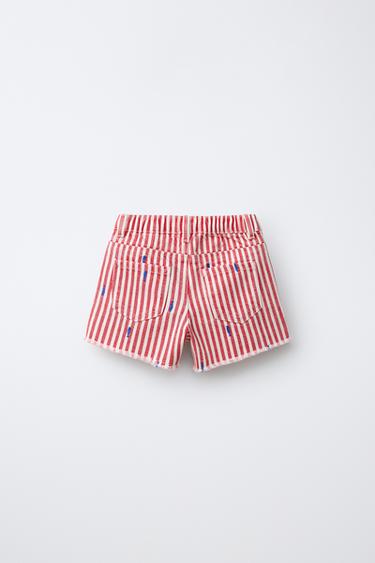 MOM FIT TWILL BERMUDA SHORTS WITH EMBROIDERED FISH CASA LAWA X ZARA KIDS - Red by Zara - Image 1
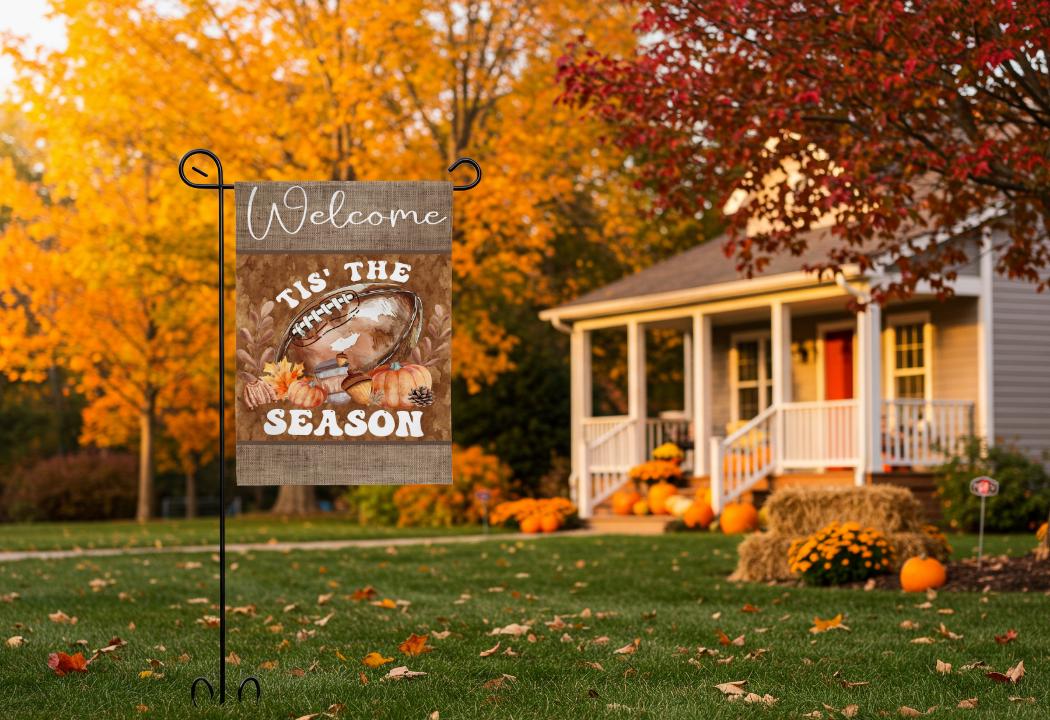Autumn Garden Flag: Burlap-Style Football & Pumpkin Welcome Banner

...

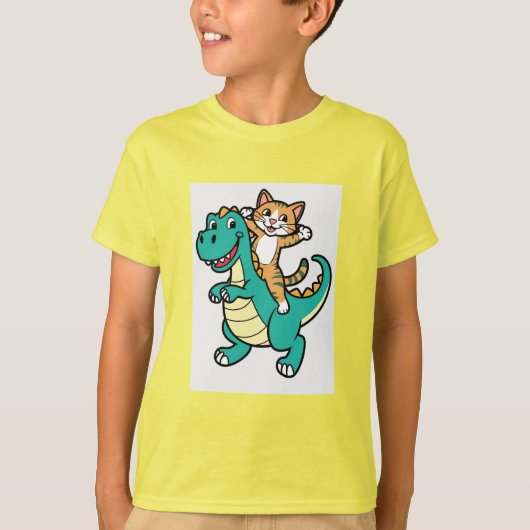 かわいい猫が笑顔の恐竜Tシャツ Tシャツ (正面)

* Your objective
Range to copy from the records above: the line containing "MOM FIT TWILL" to the line containing "Autumn Garden Flag: Burlap-Style", both included. Output those lines exactly and only those, skipping pictures.

* Worked solution
 MOM FIT TWILL BERMUDA SHORTS WITH EMBROIDERED FISH CASA LAWA X ZARA KIDS - Red by Zara - Image 1
Autumn Garden Flag: Burlap-Style Football & Pumpkin Welcome Banner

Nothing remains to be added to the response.